The Unbeatable Squirrel Girl #50 Derek Charm (artist), Erica Henderson (artist), Travis Lanham (letterer), Ryan North (writer), Rico Renzi (colorist) Marvel November 13, 2019 There are some series where a neat and tidy ending in which everybody lives and the bad guys are all defeated would feel like a cop-out. Those series are not The
The Unbeatable Squirrel Girl #50
Derek Charm (artist), Erica Henderson (artist), Travis Lanham (letterer), Ryan North (writer), Rico Renzi (colorist)
November 13, 2019
There are some series where a neat and tidy ending in which everybody lives and the bad guys are all defeated would feel like a cop-out. Those series are not The Unbeatable Squirrel Girl.
The final issue of the series—only their second #50!—sees Doreen Green, her secret identity newly outed by the dastardly Melissa Morbeck, in a hopeless place. Melissa has Iron Man’s armor. She’s allied with Doctor Doom and every other villain that Doreen has defeated throughout the series.

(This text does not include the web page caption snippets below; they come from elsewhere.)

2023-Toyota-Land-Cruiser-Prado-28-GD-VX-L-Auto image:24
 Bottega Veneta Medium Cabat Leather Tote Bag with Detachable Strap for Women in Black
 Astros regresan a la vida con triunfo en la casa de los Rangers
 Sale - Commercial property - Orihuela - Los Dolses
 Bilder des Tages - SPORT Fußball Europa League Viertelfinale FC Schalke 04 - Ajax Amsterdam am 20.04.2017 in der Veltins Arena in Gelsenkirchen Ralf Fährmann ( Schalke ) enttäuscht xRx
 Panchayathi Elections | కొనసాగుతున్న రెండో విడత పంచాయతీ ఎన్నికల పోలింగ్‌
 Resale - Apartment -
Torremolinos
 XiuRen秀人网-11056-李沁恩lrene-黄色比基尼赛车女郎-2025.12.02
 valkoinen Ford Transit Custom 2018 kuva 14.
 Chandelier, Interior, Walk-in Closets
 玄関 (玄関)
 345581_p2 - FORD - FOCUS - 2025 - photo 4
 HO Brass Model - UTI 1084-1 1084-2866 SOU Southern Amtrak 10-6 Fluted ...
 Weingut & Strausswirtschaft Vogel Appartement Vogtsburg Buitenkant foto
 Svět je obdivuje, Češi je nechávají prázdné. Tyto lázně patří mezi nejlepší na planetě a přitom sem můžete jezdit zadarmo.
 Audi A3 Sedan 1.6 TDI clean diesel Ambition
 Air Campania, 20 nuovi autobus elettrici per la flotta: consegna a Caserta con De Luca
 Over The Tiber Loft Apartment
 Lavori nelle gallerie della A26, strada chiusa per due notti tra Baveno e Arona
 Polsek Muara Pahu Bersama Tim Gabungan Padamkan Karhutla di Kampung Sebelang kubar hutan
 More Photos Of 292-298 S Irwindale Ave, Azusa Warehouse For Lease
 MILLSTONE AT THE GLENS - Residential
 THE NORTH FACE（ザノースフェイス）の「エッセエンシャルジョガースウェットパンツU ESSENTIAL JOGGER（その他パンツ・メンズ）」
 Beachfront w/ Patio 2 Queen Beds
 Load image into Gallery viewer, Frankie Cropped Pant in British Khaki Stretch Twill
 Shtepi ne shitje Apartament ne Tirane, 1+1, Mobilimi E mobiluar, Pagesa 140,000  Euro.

She and her friends have taken a serious beating and things are looking dire.
Until Galactus arrives. Galactus was one of the first enemies Doreen fought in the series, and also one of the first enemies she extended a hand to. That isn’t to say that Doreen Green, squirrel-themed superhero and computer engineering student, befriends genocidal space giants because she’s just that good of a person. Well, she does, but it’s less “There are both sides to every conversation about genocide, and I’m willing to listen!” and more “I believe that you have the capacity to be something other than this.”
That is, at its heart, what The Unbeatable Squirrel Girl and especially #50 is about. As adults, we may wring our hands a bit about what it means. Is Doreen endorsing atrocities by quite literally extending the hand of friendship to a creature that devours entire planets? If that’s how you want to think about it, sure, you could make that argument. But the point of this series is not the redemption of galactic baddies, nor even that friendship and love conquer all; it’s that change is both the universe’s most powerful and wonderful force.
I expected this final issue to be one impactful event after another. And it is, on some level—Galactus shows up, the bad guys are defeated, Doreen and friends begin to pick up and build their lives anew—but the actual events of the comic are less important than the message it leaves you with.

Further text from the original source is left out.